Loser, with modern day setting. 1947. The Communist party has just come to power. Young people in shirtsleeves. Okay, kids -- lets all hold hands, line up, and recite the catechism. Lots of repetitious political declamation. Some horses. Some nudity. Nothing new. Unexceptional, in fact --
Very Boring all the way.
2. 11:30, Szerelmes Elektra(Elektra in Love), 1974, color, his First color film, and the first to use song and dance extensively.
Rousing horse opera with Mari Tőröcsik as Elektra and strong Cserhalmi György as Orestes. Madaras with shaven head as the stumpy king. Great choruses and dancing. Big crowd scenes and elaborate dances. Lots of nudity, painted nude bodies. Everything on the move all the way. The camera never stops moving snd the people within the frame are always moving. Tőröcsik no longer cute as she was in her early films. Her first mature role. Overall rouser with strong music and lots of fogged out misty scenes. It opened with 26 horses in long shot galloping through the mist screen right. Had the same young guy as in the earlier modern film. This was the first of the visually elaborate loaded "horse operas" that made Jancsó famous. Forget the logic -- just let it wash over you ....
3. 13:45: Elmontak-e -- (Did I ever tell you about this?)- 1996, 48 astounding minutes. Tremendous breathtaking History of antisemitism and the Holocaust in Hungary from Horty's admiration of Schiklgruber (sic) to the Gas chambers, deportations in cattle cars, and then the post war aftermath. Jaw dropper with Jancsó as narrator. Feels like a feature length film. Jancsó tells the new generation of Hungarians a story they must be told before it is forgotten.
4. Csend és kiáltás (silence and outcry), b/w 1967, 76" -- no horses or crowd scenes -- little music. Zoltan Latinovits, Tőröcsik Mari. Andrea Drahota and Kovacs Andràs are straight from the success of istvan Gaál's Sodrásban, which made them overnight stars -- Butor in his usual role as a towering armed Soldier carrying out his orders -- Stovky Jozsef Madaras is in there as usual in all of Jancso's sixties films.
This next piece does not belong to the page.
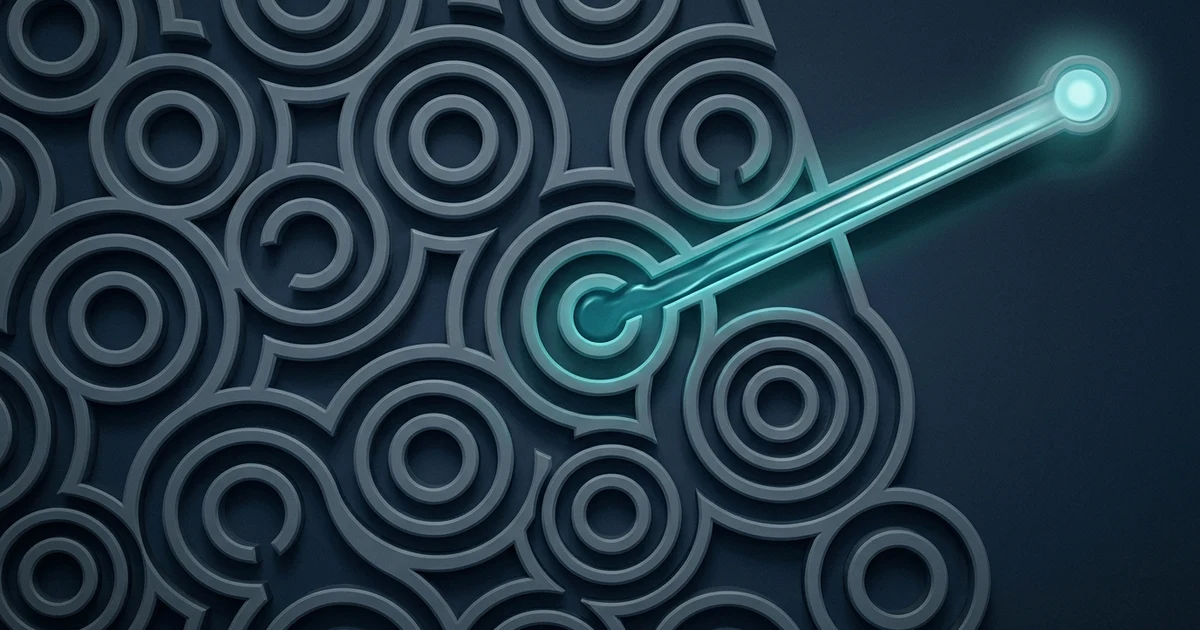 Abstract illustration of a grid of rigid data bars dissolving into a fluid, flowing ribbon — representing rigid scripted chatbot logic transforming into adaptive, human-like conversation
Spare dialog, mostly terse orders dealt out by Latinovits, a military officer. At the end he offers Kovacs a pistol with one bullet to commit honorable suicide, but instead the prisoner turns the gun on Zoltan and shoots him out of frame. The film ends with a freeze frame on the shooter.
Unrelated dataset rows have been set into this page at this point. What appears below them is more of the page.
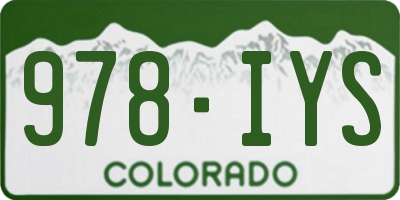CO license plate 978IYS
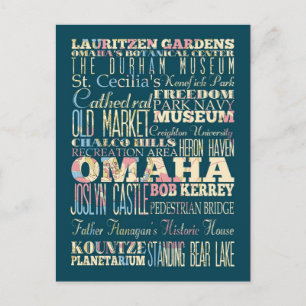 Attractions & Famous Places of Omaha, Nebraska. Postcard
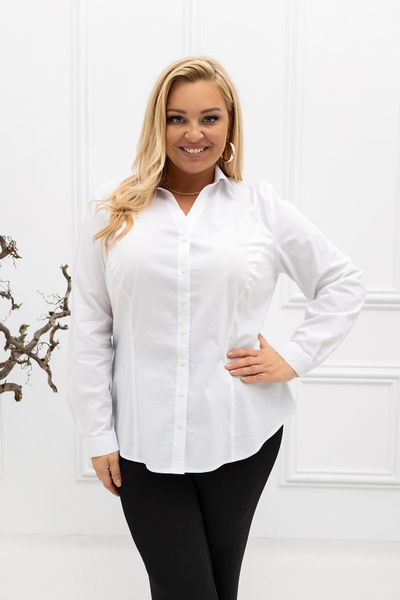 Klasyczna elegancka biała koszula Lucy PLUS SIZE XXL. Białe bluzki damskie Nasi partnerzy, l, bez wzorów, z bawełny, biznesowe, bez kołnierzyka, plus size, bez ramiączek. Za 199.90 zł.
Not top notch Jancsó by any stretch of the imagination -- more like an exercise in bare bones style all set in a remote village in the country. Very theatrical as if on an outdoor stage.
Body count on Jancsó is now thirteen films down with six more to go.
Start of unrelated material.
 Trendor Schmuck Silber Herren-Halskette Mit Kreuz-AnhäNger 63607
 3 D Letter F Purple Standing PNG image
The last film of the day was a very good one from Jasmila Žbanić.
"For those who can tell no tales", Bosnia, Australia, 2013, 72 min.
With indirectly references to "Bridge on the Drina" by Nobel Prize author Ivo Andrić. Striking visuals of the bridge with its nine arches reflected in the waters. An Australian tourist visits The city of Vishegrad in Bosnia and finds out things about recent history there she would rather not have known setting off a painful personal investigation. The city was thoroughly ethnically cleansed in 1992.- A strong followup to Grbavica, viewed yesterday. Long interview with Žbanić to follow. She is one of the featured directors at Bergamo this year.